I've used silicone to pot things and have found the following things
through experience:

1) Don't use plastics with Chlorine in them such as PVC heat shrink.
There is something funny about these plastics that the silicone doesn't
seem to like.

2) Don't use "no wash" fluxes. You can't leave them on and anything you
use to remove them is illegal to even think about having.

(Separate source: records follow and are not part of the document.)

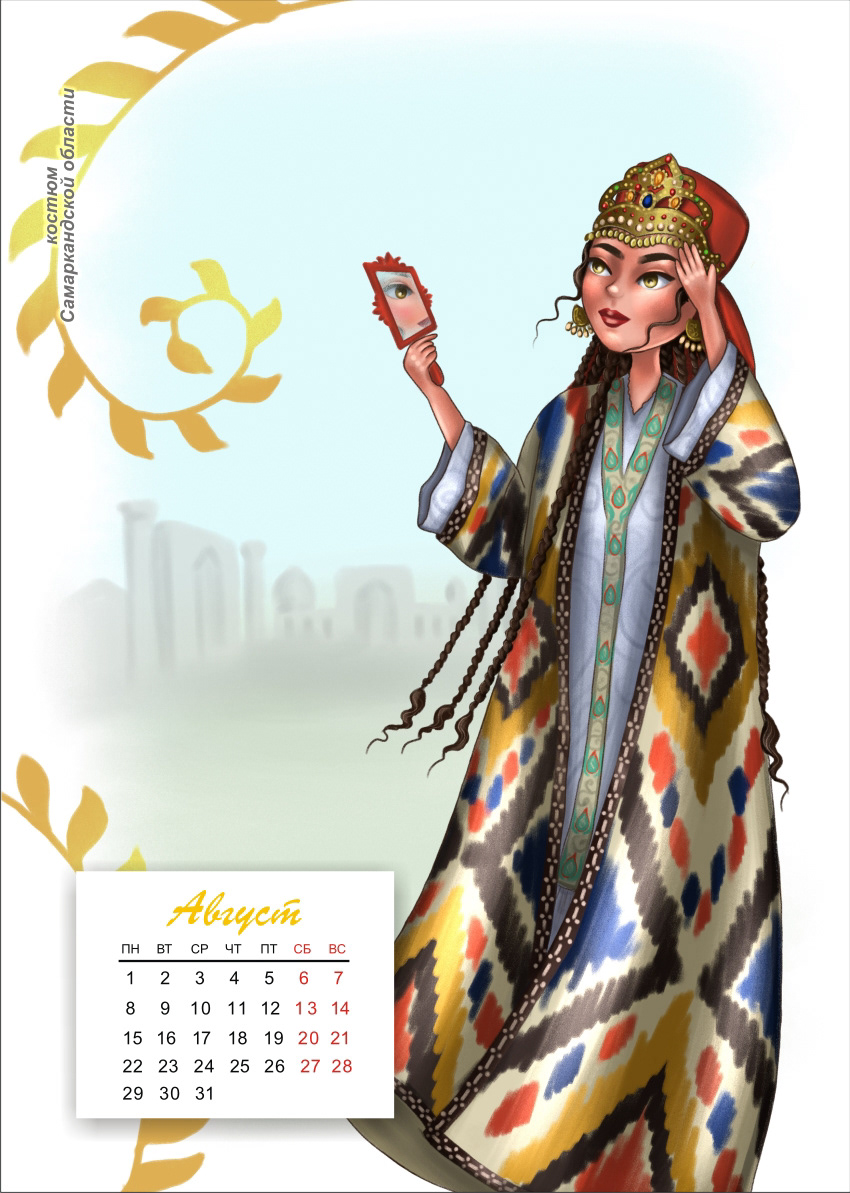 Series of illustrations with Uzbekistan fashion — Изображение №12 — Иллюстрация, Графика на Dprofile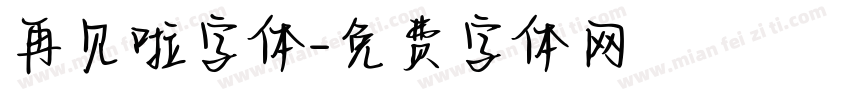 再见啦字体字体转换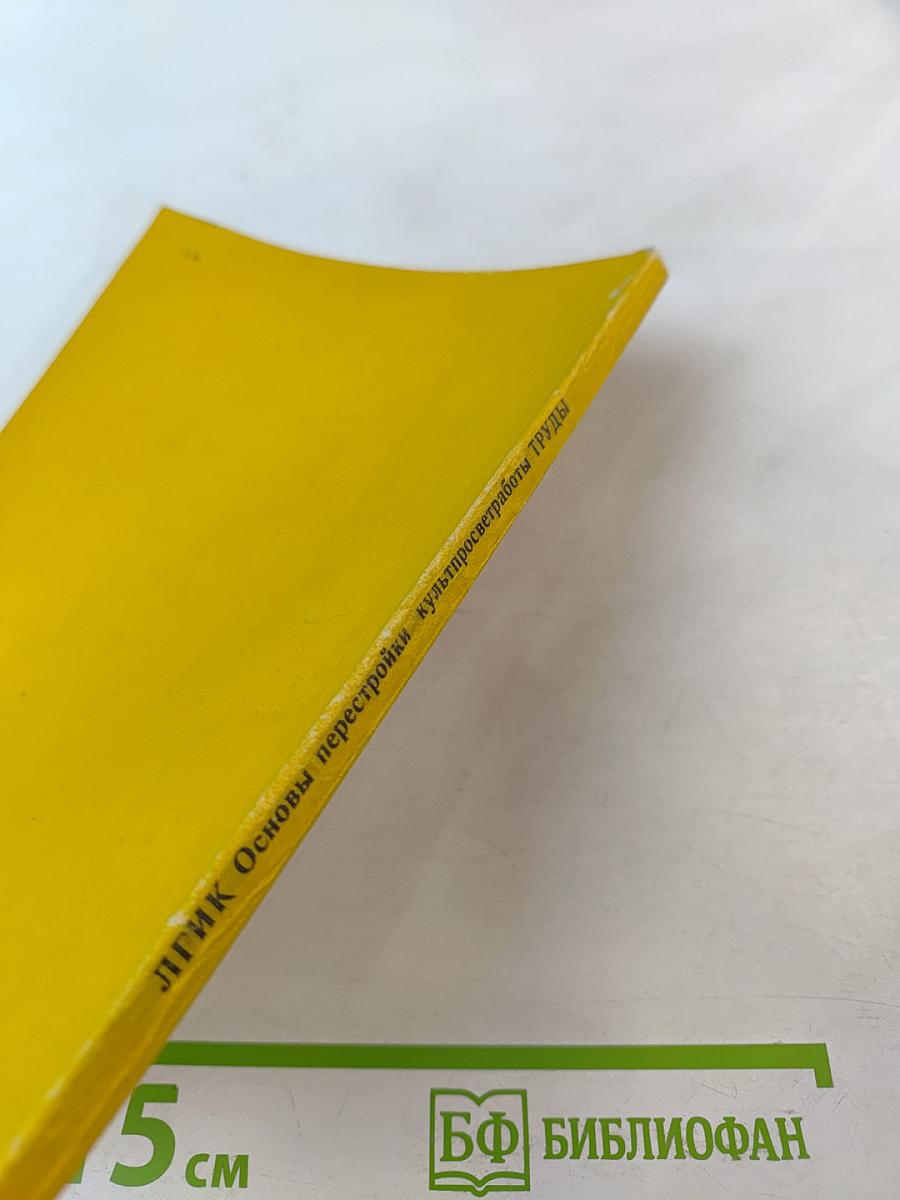 Организационно-педагогические основы перестройки культурно-просветительной работы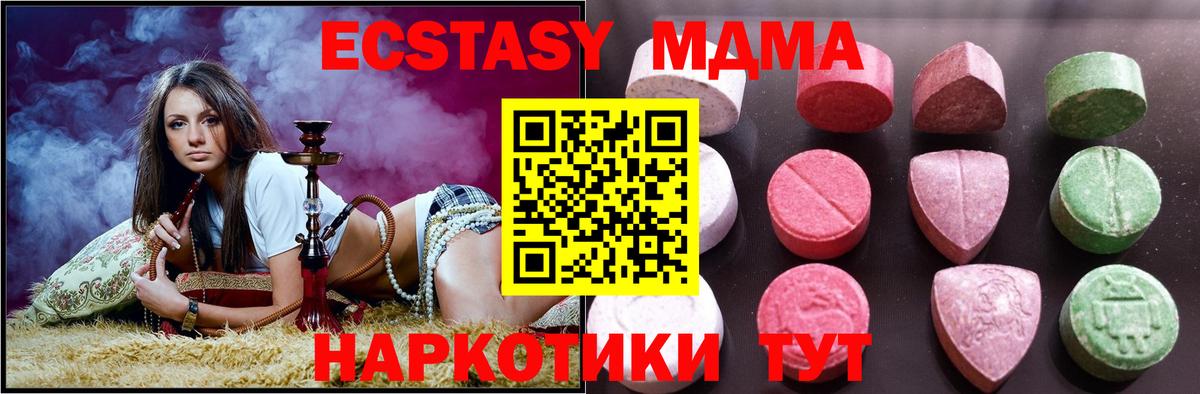 ЭКСТАЗИ Philipp Plein Магадан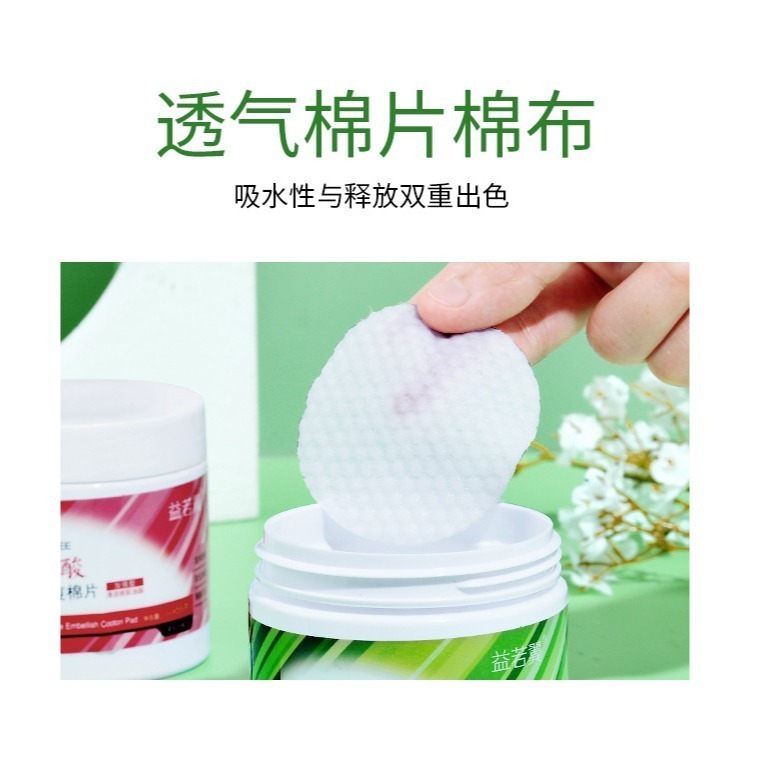 水楊酸去痘棉片 水楊酸面膜貼片 水楊酸控油棉片 清爽控油 淡化痘印 閉口粉刺 收斂毛孔-細節圖7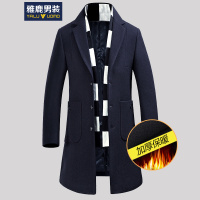 雅鹿男装毛呢大衣 男时尚休闲商务大衣中长款外套男装H17177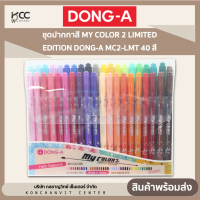 ชุดปากกาสี MY COLOR 2 LIMITED EDITION DONG-A MC2-LMT 40 สี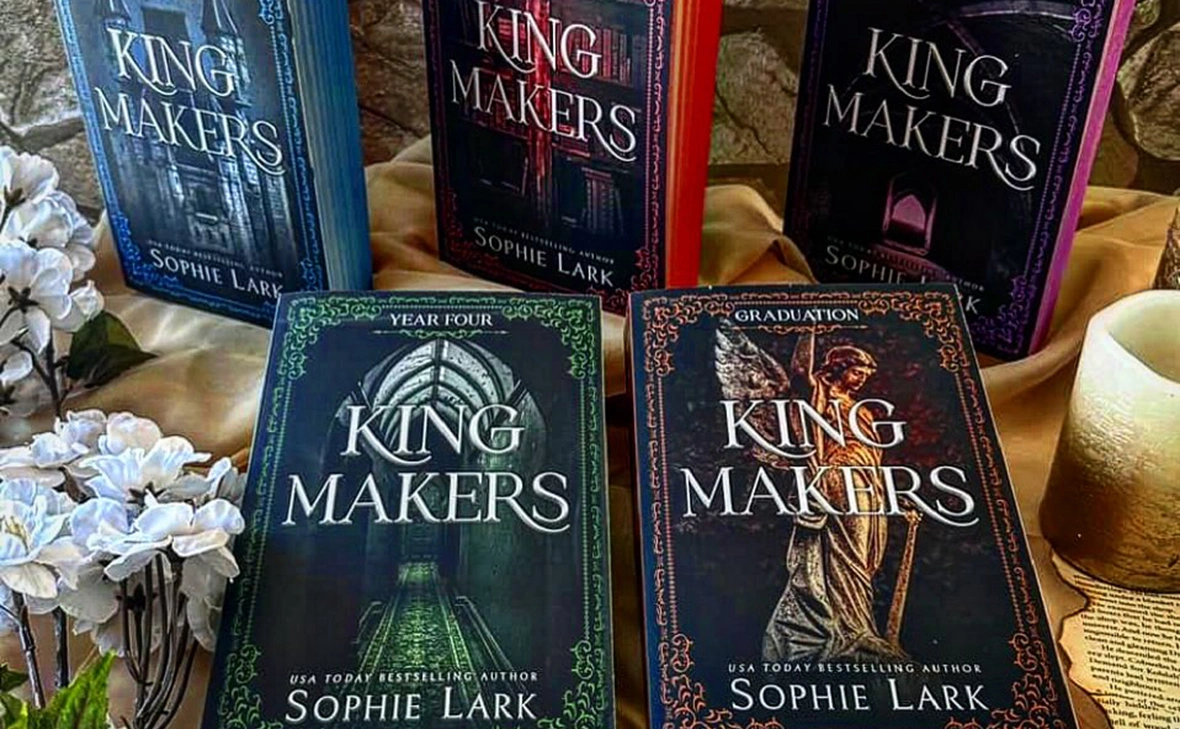 sophie_lark_author / Instagram (входит в корпорацию Meta, признана экстремистской и запрещена в России)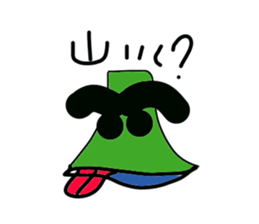 very happy sticker sticker #2789410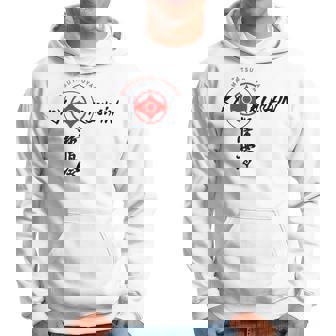 極真 空手 極真海 大山 スポーツウェア トレーニング パーカー - Kawaiitshirt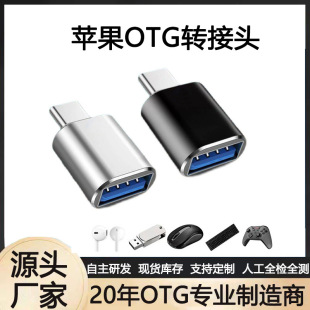Applicable to apple OTG adapter usb3.0 interface ipad adapter Type-C adapter l ighting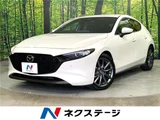 2023 Mazda 3 Sedan for sale, Japanese used car export - photo 4 of 30 | GULJI TRADERS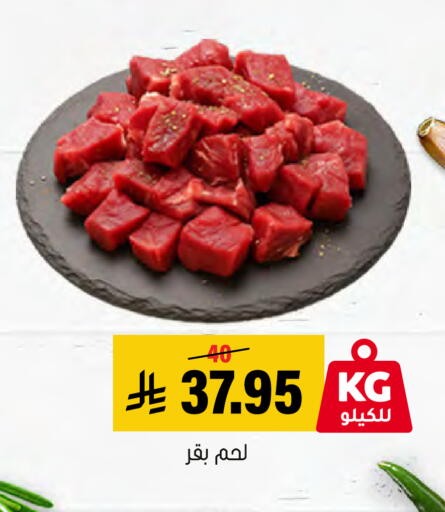 available at Al Amer Market in KSA, Saudi Arabia, Saudi - Al Hasa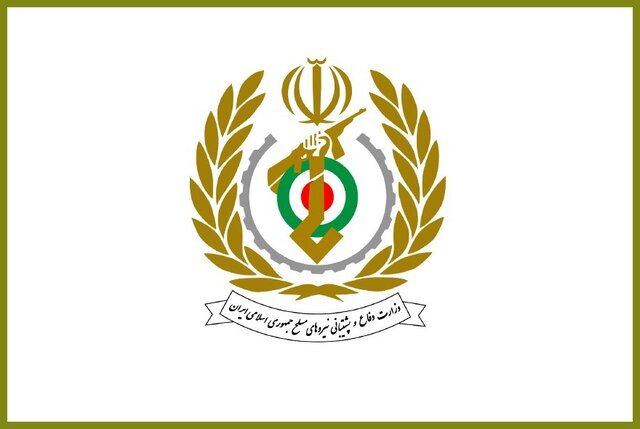 وزارت دفاع ایران یک بیانیه صادر کرد+ جزئیات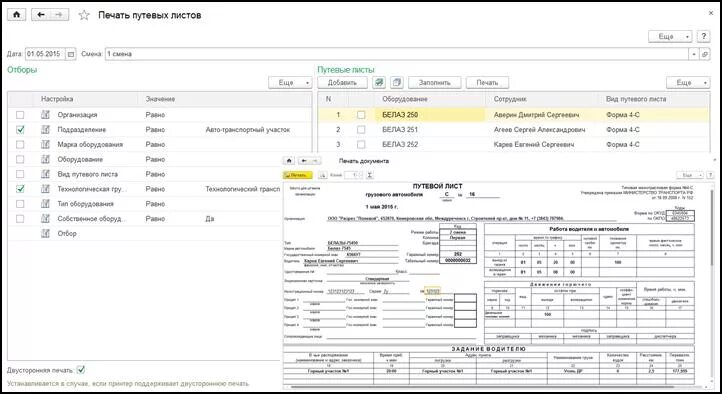 Печать для путевых листов. 1c УПП 8.3 печать путевых листов. В ЕРП печать путевых листов. 1с ERP путевые листы по автографу. 1с групповая печать
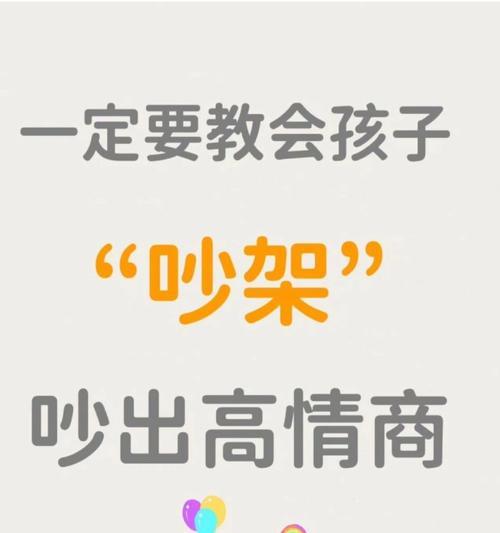 如何提高情商？掌握这十个方法让你更受欢迎  第1张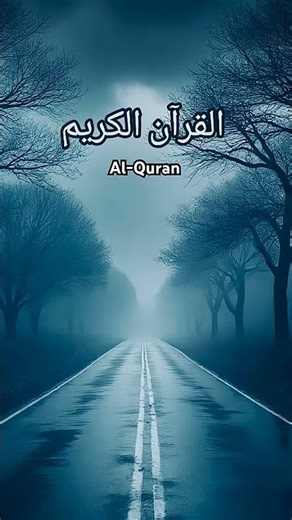 AL-Quran🩷Urdu Translation #quranrecitation #ramadan #allah #quran #peace #love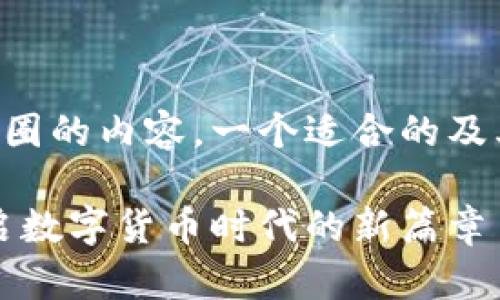 要推广区块链和币圈的内容，一个适合的及其相关元素可以是：

区块链与币圈：开启数字货币时代的新篇章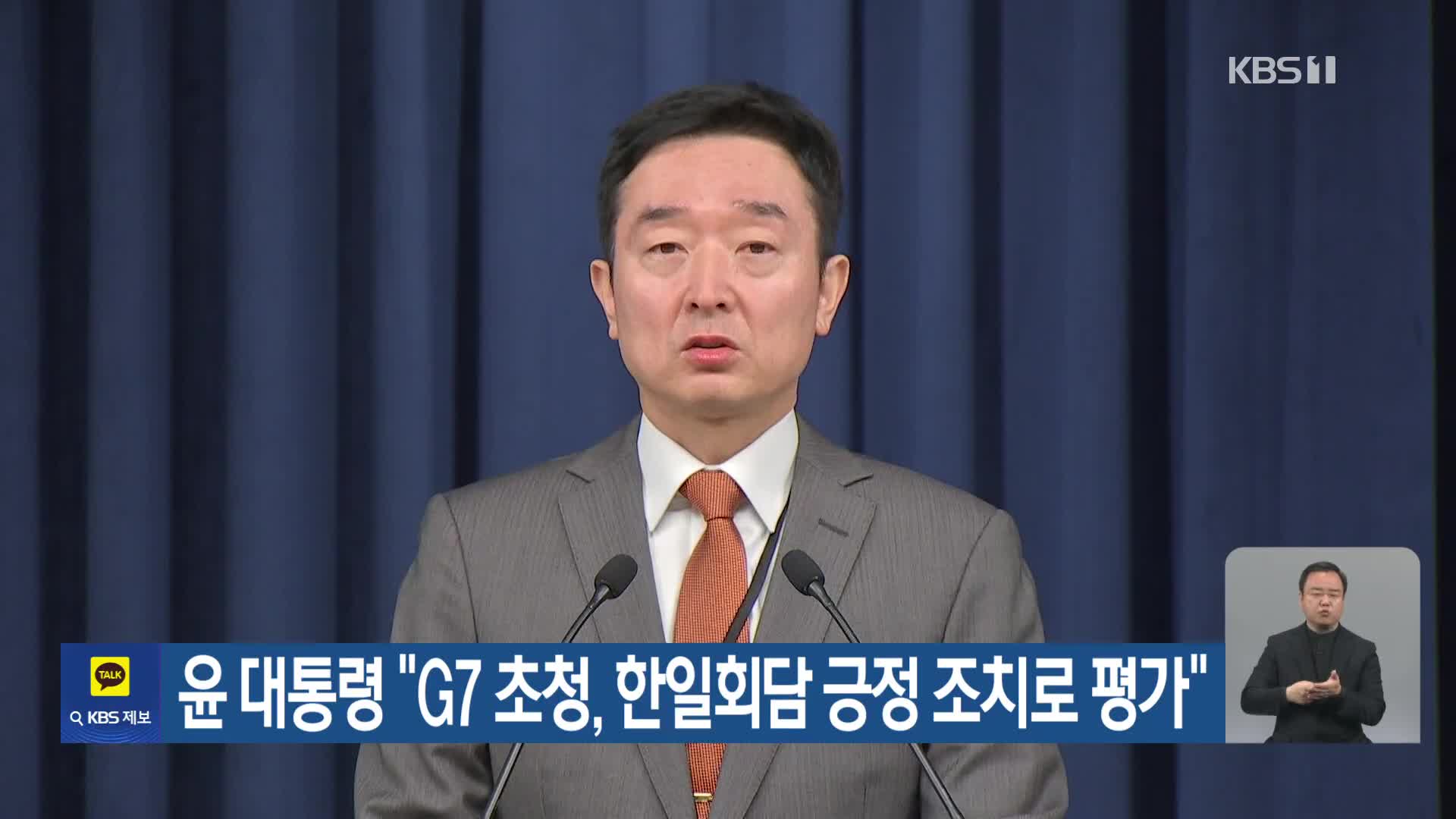 윤 대통령 “G7 초청, 한일회담 긍정 조치로 평가”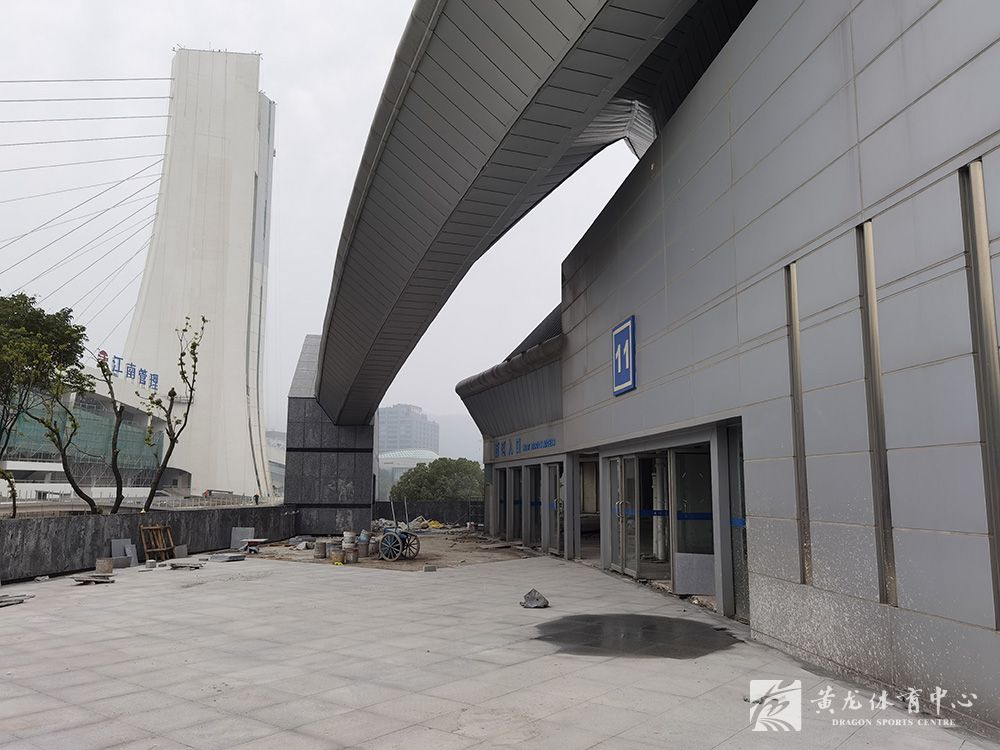 黄龙体育中心亚运改造(11.17)(图20)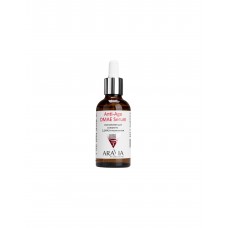 Омолаживающая сыворотка для лица с ДМАЭ и коллагеном Aravia Professional Anti-Age DMAE Serum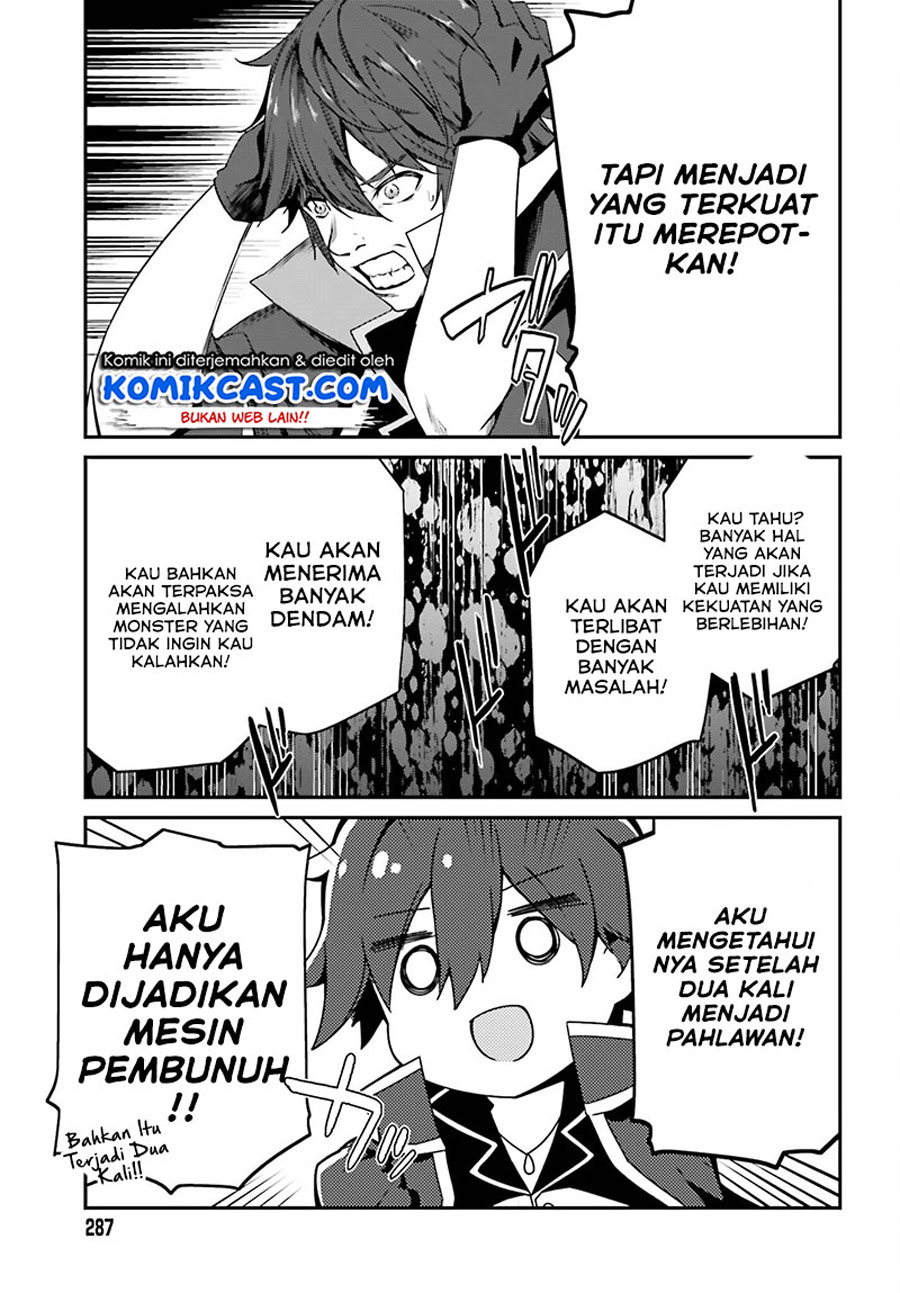 The Incompetent Prince Who Has Been Banished Wants To Hide His Abilities Chapter 1.2 - halaman 19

3) Inspect the boards after cleaning to look for evidence of not really
clean. If you can see anything that looks like runs and drips on the
surfaces, chances are the boards are very dirty. Clean boards look
spotless.

4) Don't rely on the silicone sticking to things for mechanical strength.
Even at its best silicone doesn't stick very well to some surfaces. When
stressed it will pull off. If left alone it is ok.
 
M

Martin Riddle

There are primers availbe that work well. (Its pink forget the name)
And yes the board must be clean, even finger oil will screw things up so wear gloves.

Cheers
 
F

ft

Martin Riddle said:
There are primers availbe that work well. (Its pink forget the name)
And yes the board must be clean, even finger oil will screw things up so wear gloves.

Cheers

Thanks for the replies and its all good stuff.
We are using no clean flux and washing it with an approved method (and
chemicals) and the potting gel manufacturer has approved it for use as
well. (after tests). The use of primer has been thought of but again
after tests the gel people said it wasn't necessary. We are using
clean handling with gloves.
But after all this we are getting a crystalline dendritic growth
(fairly low resistance) along a ceramic capacitor, and across some
close spaced pads on the board. The gel manufacturer is saying that
some components can do that because some materials cause the gel not
to cure in localised spots. It doesn't like some types of solder
either.
I was therefore wondering if this is a common problem with silicone
potting, are we unlucky with our materials, is this stuff just too
particular about what it coexists with, and should we make the change
to epoxy or polyurethane at some considerable cost and inconvenience?

Thanks
 
M

Marc H.Popek

Silicones for the most part has that acid catalyst. the two part is more
for molding than for sticking. Silicone having almost no adhesion
properties is a bad potting or encapsulate. Plus some times you can have
the encapsulate provide a relatively high degree of thermal conductivity, if
you have some hot spots.
 
M

Marc H.Popek

see its that chemistry business! there must have been a part of the catalyst
or the reaction products that is acid (or base) enough to eat lead frame!!
 
T

Tony Williams

ft said:
Thanks Tony, that was especially useful as we are now looking at
epoxies and poyurethanes so its interesting to see the failure
modes in these. I never thought there would be so much chemistry
in electronic engineering!

I think a remark made by another poster was probably on the mark.
The initial attack starts when the chemicals in the potting
compound are still their raw liquid state.
 
M

Marc H.Popek

hello Tony,

it was me. I have a new found respect for chemistry. Formally trained as a
EE, I eschewed anything that would not accept solder :)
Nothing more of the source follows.